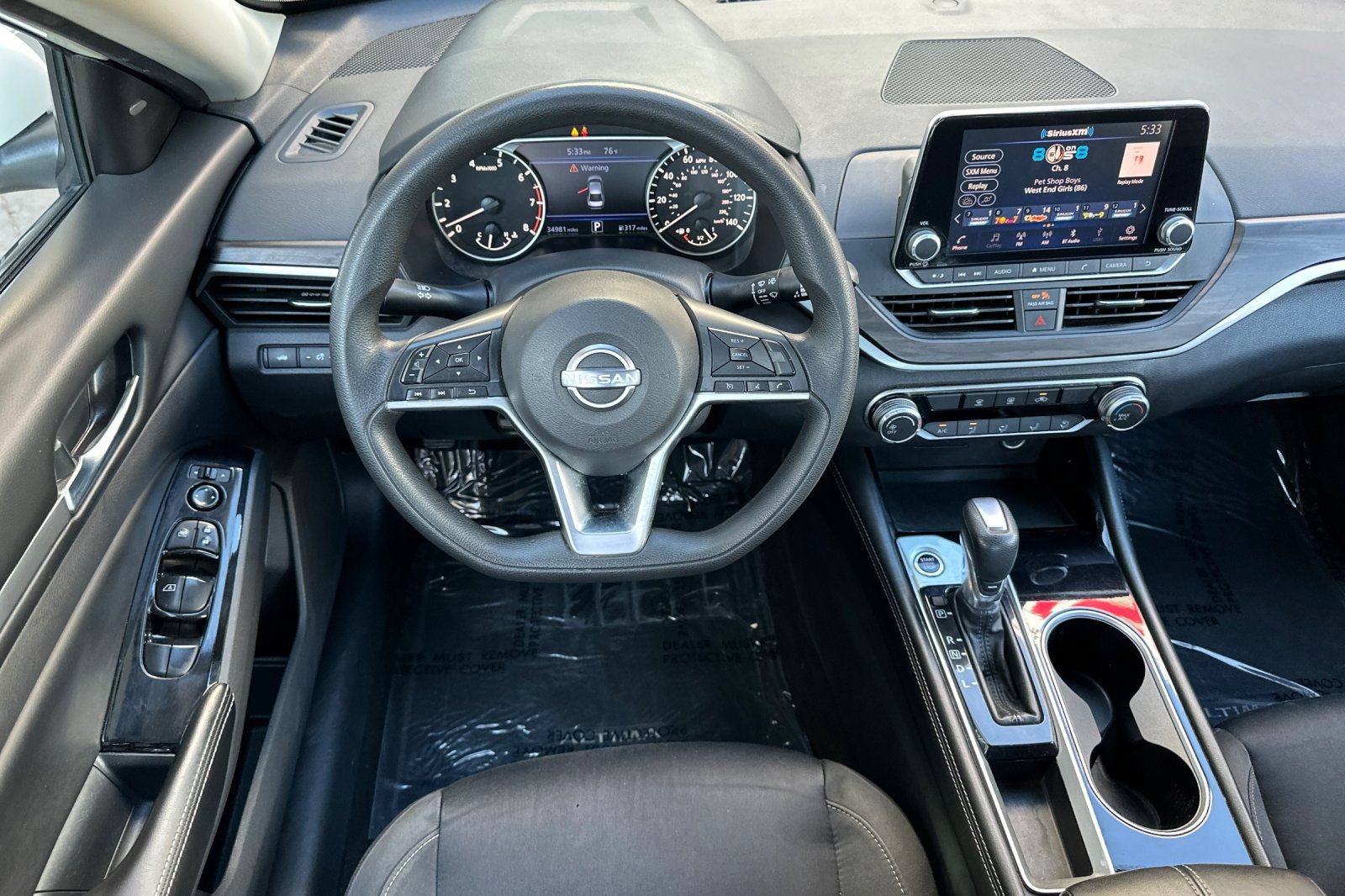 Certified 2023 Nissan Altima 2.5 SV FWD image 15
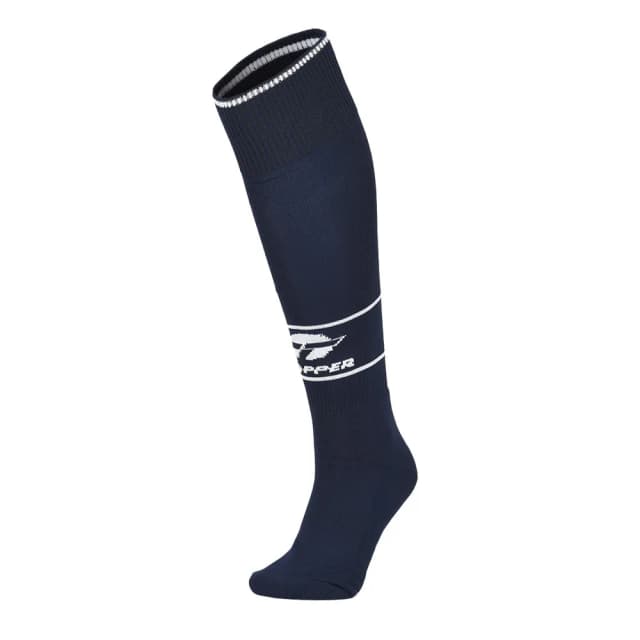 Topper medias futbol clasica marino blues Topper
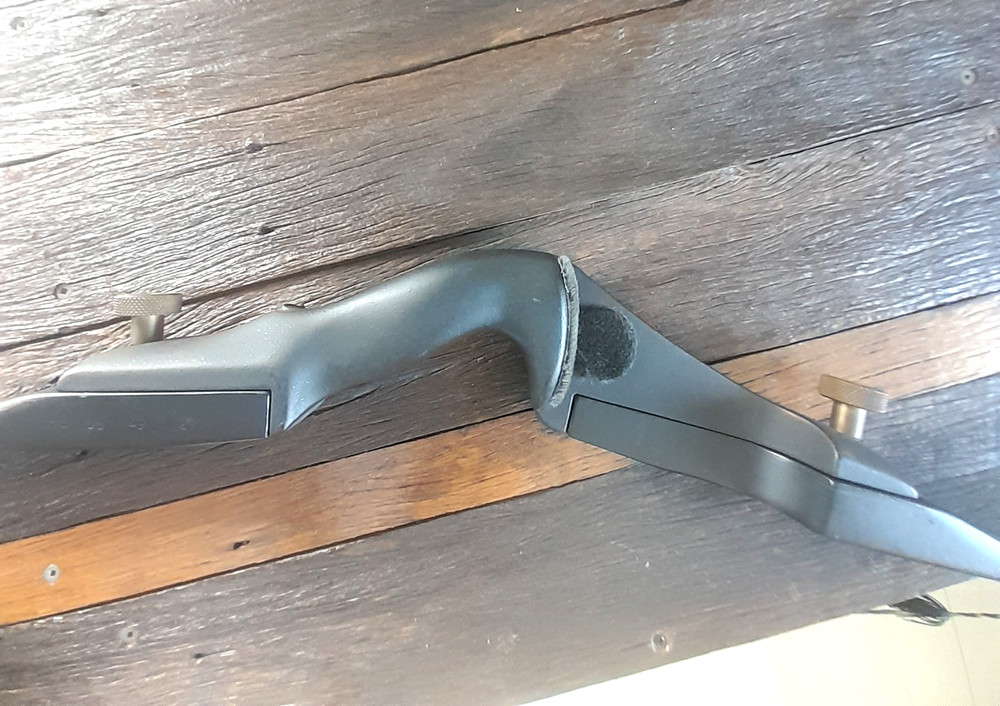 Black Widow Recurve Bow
-------------------------
### Your assignment
Exclude the pictures, and transcribe all of the material exactly.

### Final answer
 Certified 2023 Nissan Altima 2.5 SV FWD image 15
 Topper medias futbol clasica marino blues Topper
 Black Widow Recurve Bow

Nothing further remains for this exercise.